27 Feb Citrus tree nutrition and carbohydrate management in autumn and winter
In citrus new vegetative shoots provide the bearing positions from which flowers develop in spring. These new vegetative shoots are strong sinks for carbohydrate supply from both mature leaves and reserve carbohydrates from the previous season. One could expect that citrus trees should be able to meet all the carbohydrate requirements since it is an evergreen plant that has ample time for photosynthesis, and relatively large starch reserves are usually present in various tree organs. However, it is evident that citrus trees are often “source-limited” and that a lack of availability of photosynthate then restricts vegetative growth, flower development, and fruit set.
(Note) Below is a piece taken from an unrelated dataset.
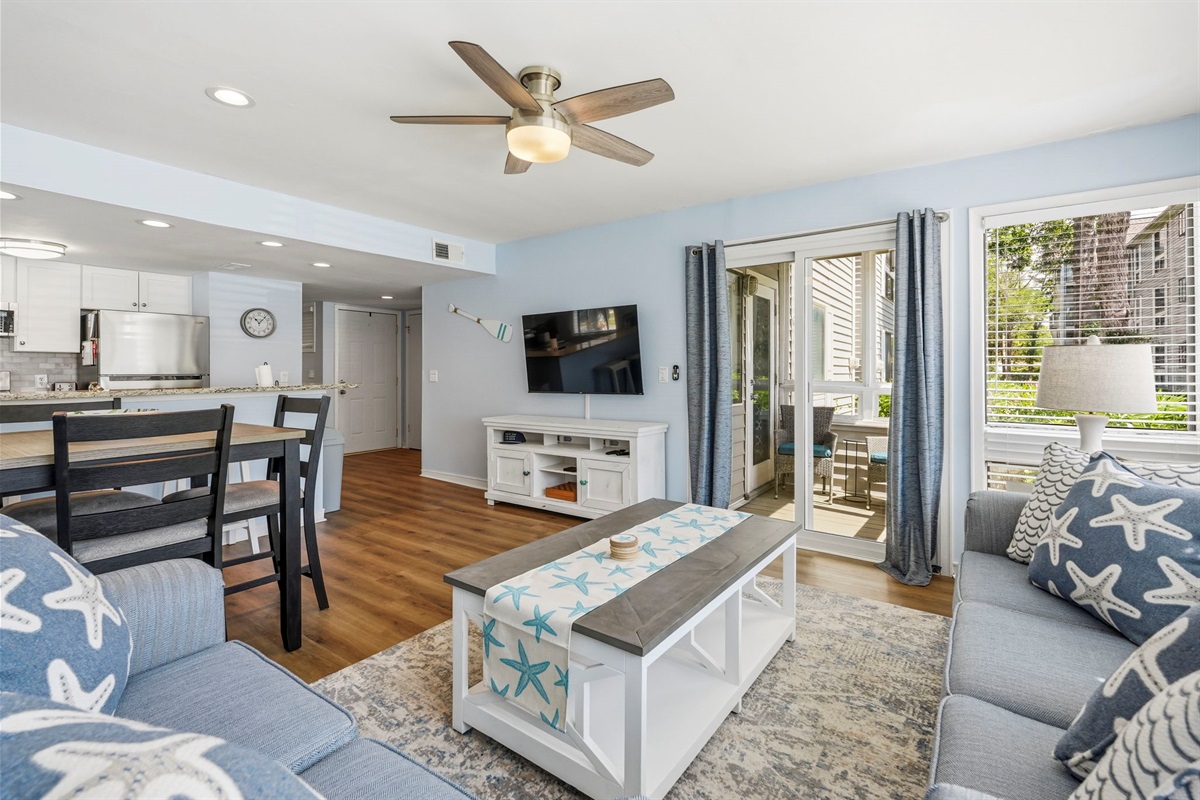 Beautiful living room connected to kitchen with views of Arcadian Shores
Fruit is a major carbohydrate sink and can disturb the balance between spring vegetative shoot development, root growth, and flower development – all demanding large amounts of photosynthate. The persistence and health of the previous year’s foliage in citrus, therefore, plays a critical role in the provision of photosynthate during the emergence of the spring flush, at least prior to full expansion of the new leaves. In this regard, nutrient deficiencies, particularly in autumn, will contribute to a reduction in carbohydrate availability – producers should therefore ensure that their trees’ nutrient status should be adequate at the onset of flower induction (April – June). The elements (especially N and K) that are not within the norm during the leave sampling period (Feb – May) should be brought back to adequate levels through a combination of soil and leaf application. Furthermore, the application of LB Urea (eight weeks prior to budbreak) to ensure a sufficient N-status of the leaves can be used to enhance the leaves’ ability to produce sufficient carbohydrates (sucrose) required for budbreak, spring shoot growth, and flower development.